For the data below, retype word for word the lines from the one containing "Khvicha Kvaratskhelia" through the one containing "Troll Trap Chapter 69 page 8 - Chapter 69"; drop the pictures.

__Data to examine__
------------------------------------------------

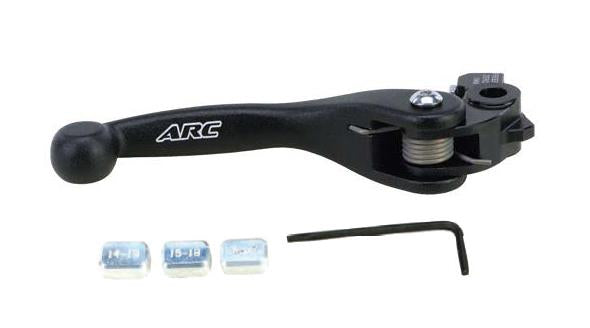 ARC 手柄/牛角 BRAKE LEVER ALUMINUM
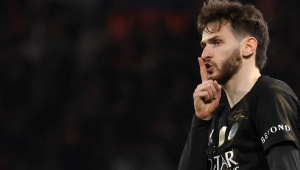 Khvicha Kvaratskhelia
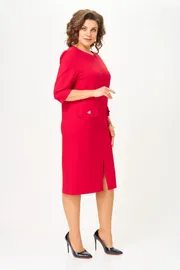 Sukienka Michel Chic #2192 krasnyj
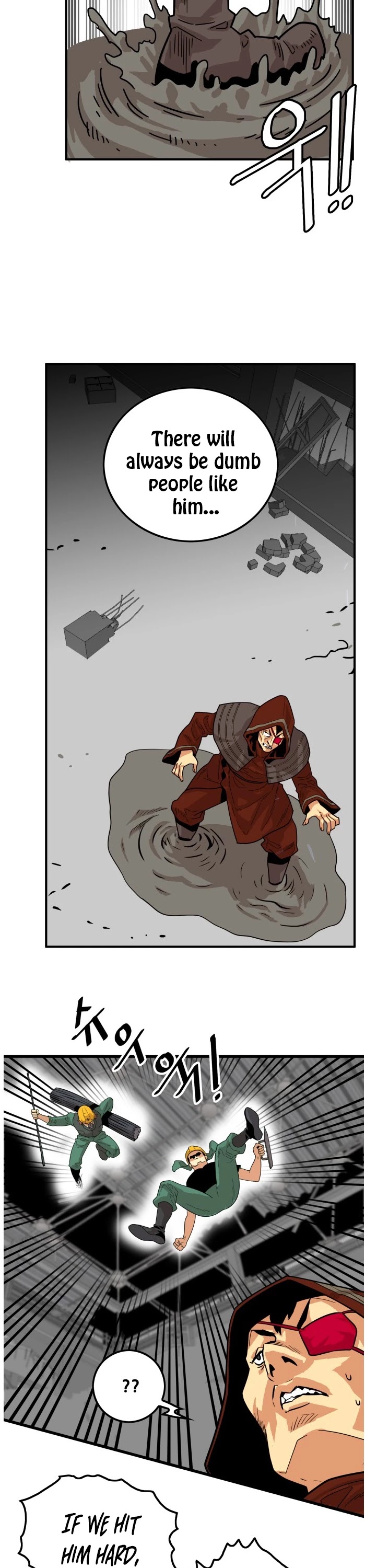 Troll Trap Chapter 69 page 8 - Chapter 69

------------------------------------------------

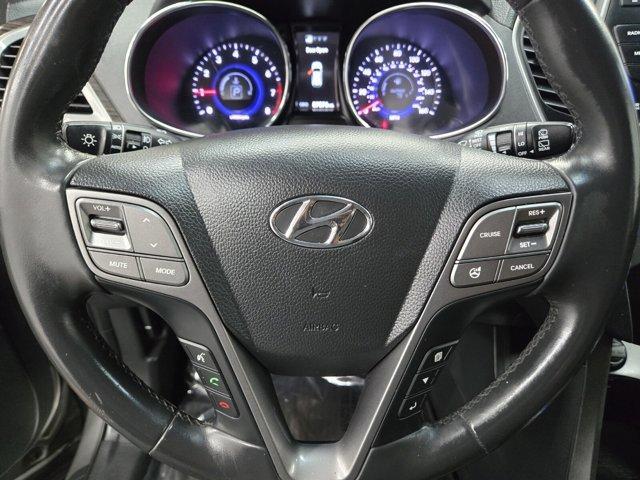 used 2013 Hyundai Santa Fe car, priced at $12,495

------------------------------------------------

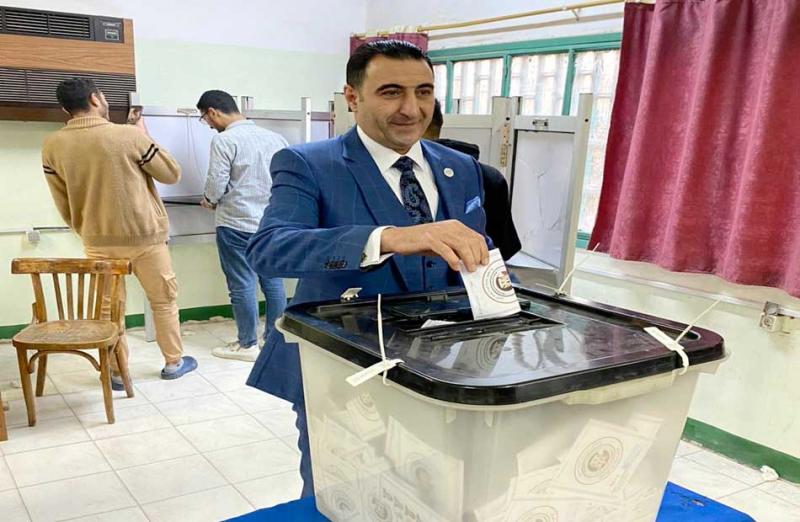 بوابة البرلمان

------------------------------------------------

__Answer box__
 Khvicha Kvaratskhelia
 Sukienka Michel Chic #2192 krasnyj
 Troll Trap Chapter 69 page 8 - Chapter 69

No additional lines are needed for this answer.